▶ _Exercise requirements_
Exclude the pictures, and otherwise reproduce the data in full.

▶ _Information supplied_
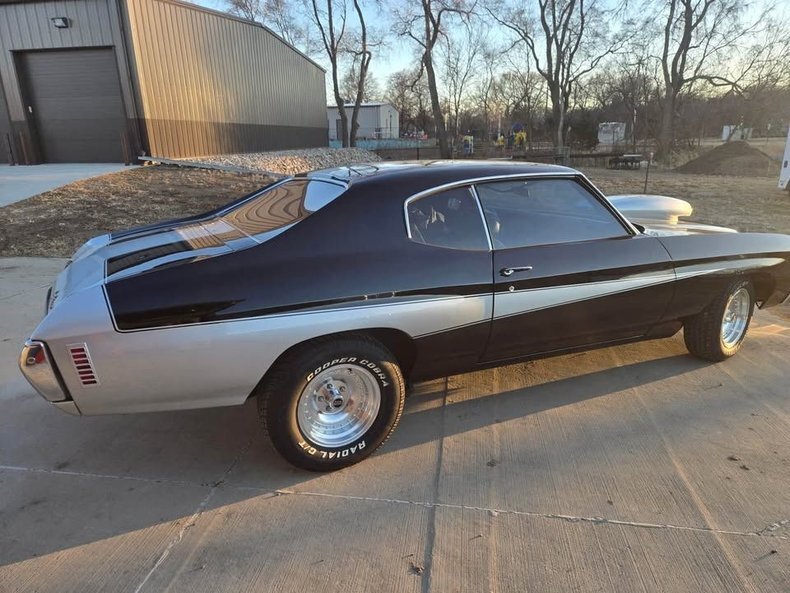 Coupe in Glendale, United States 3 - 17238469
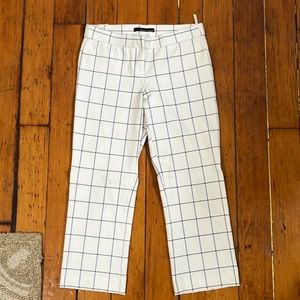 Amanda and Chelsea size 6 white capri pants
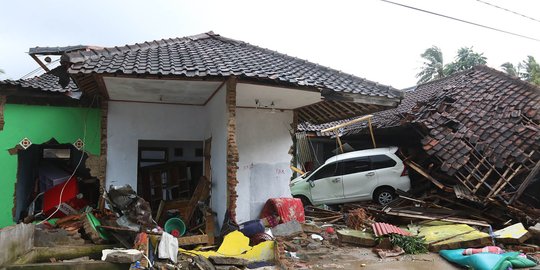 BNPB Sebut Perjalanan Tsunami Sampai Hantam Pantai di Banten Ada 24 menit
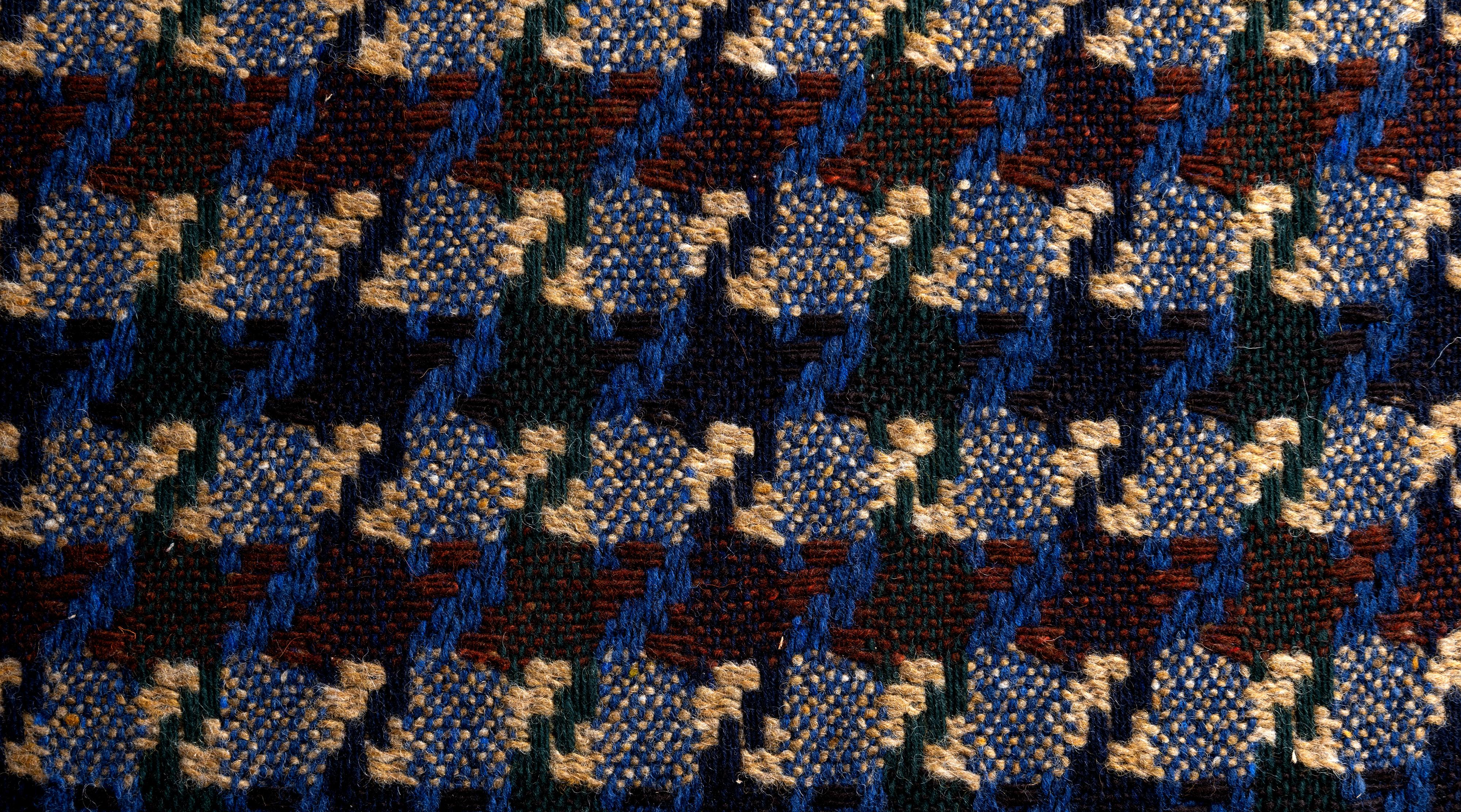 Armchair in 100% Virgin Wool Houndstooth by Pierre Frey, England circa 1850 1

▶ _Your response_
 Coupe in Glendale, United States 3 - 17238469
 Amanda and Chelsea size 6 white capri pants
 BNPB Sebut Perjalanan Tsunami Sampai Hantam Pantai di Banten Ada 24 menit
 Armchair in 100% Virgin Wool Houndstooth by Pierre Frey, England circa 1850 1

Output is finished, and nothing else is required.